## Exercise details
Starting with the line that contains "Halloween Ghost Magnet/coaster", repeat each line exactly through the final line of the listing. No picture should appear in the copy.

## Available data
####

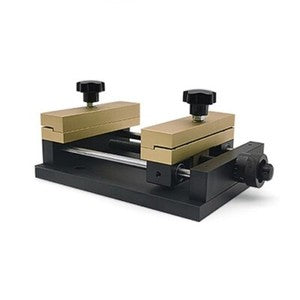 ya 26 7.28.2 120x120MM Gold Silver Foil Copper Brass Foil Holder Thin Paper Laser Cut Fixtureb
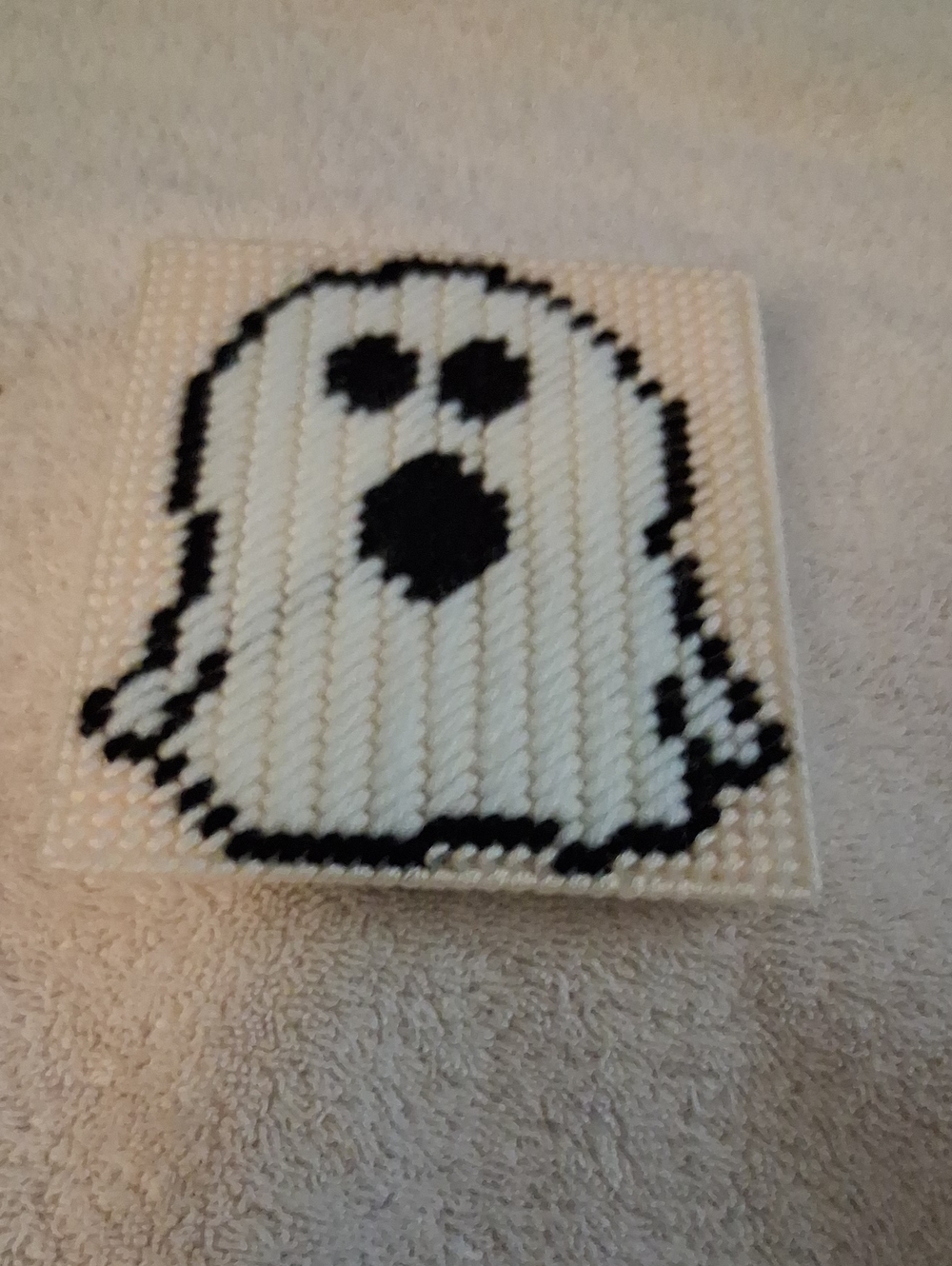 Halloween Ghost Magnet/coaster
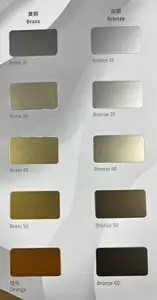 Alucobond Vervaardigt Aluminium Composieten Paneelplaat Voor Binnen-En Buitenwandbekleding Gebouwdecoratie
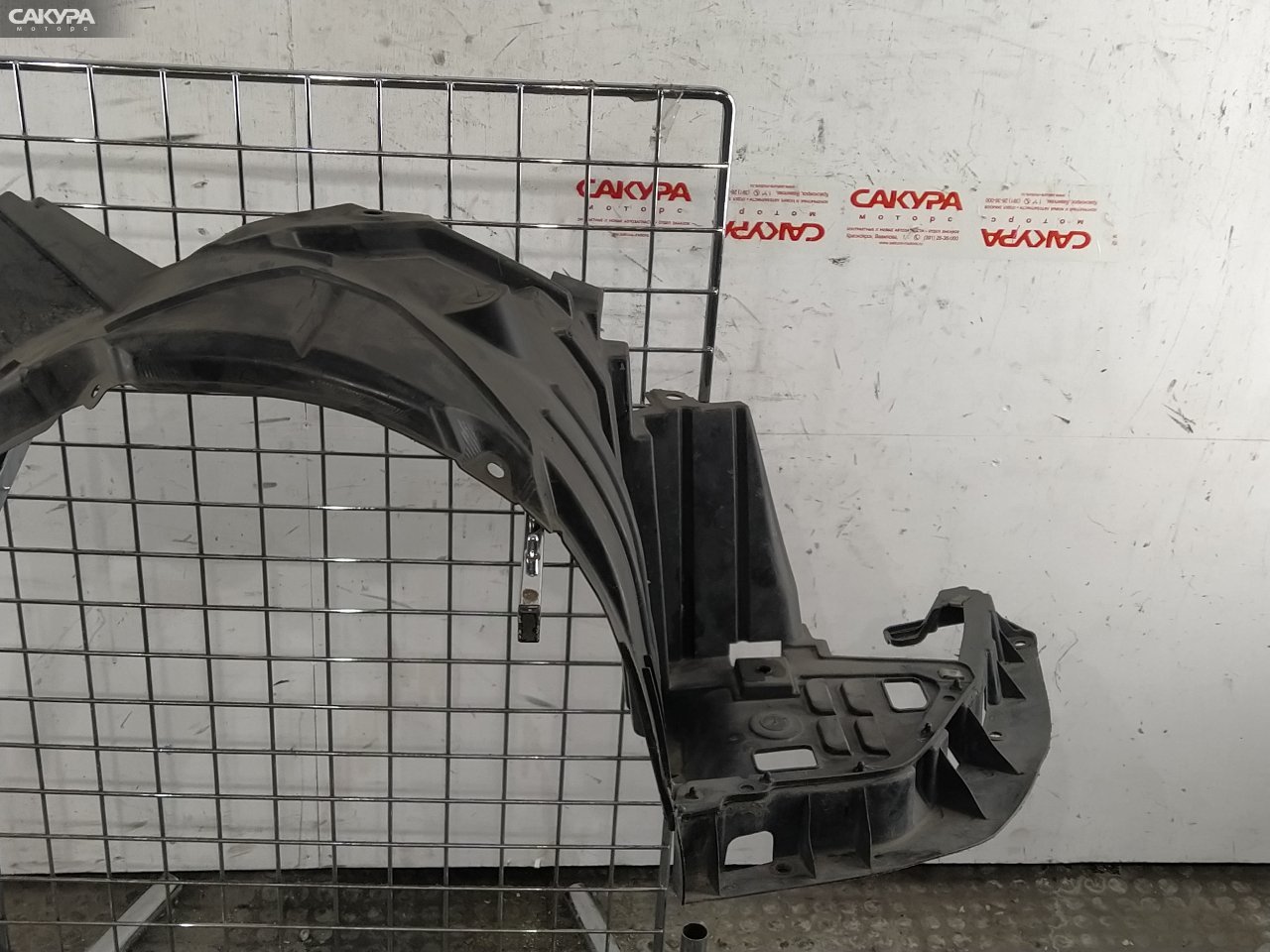 Подкрылок передний правый Honda Stepwgn RF5 K20A: купить в Сакура Красноярск.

####

## Answer
 Halloween Ghost Magnet/coaster
 Alucobond Vervaardigt Aluminium Composieten Paneelplaat Voor Binnen-En Buitenwandbekleding Gebouwdecoratie
 Подкрылок передний правый Honda Stepwgn RF5 K20A: купить в Сакура Красноярск.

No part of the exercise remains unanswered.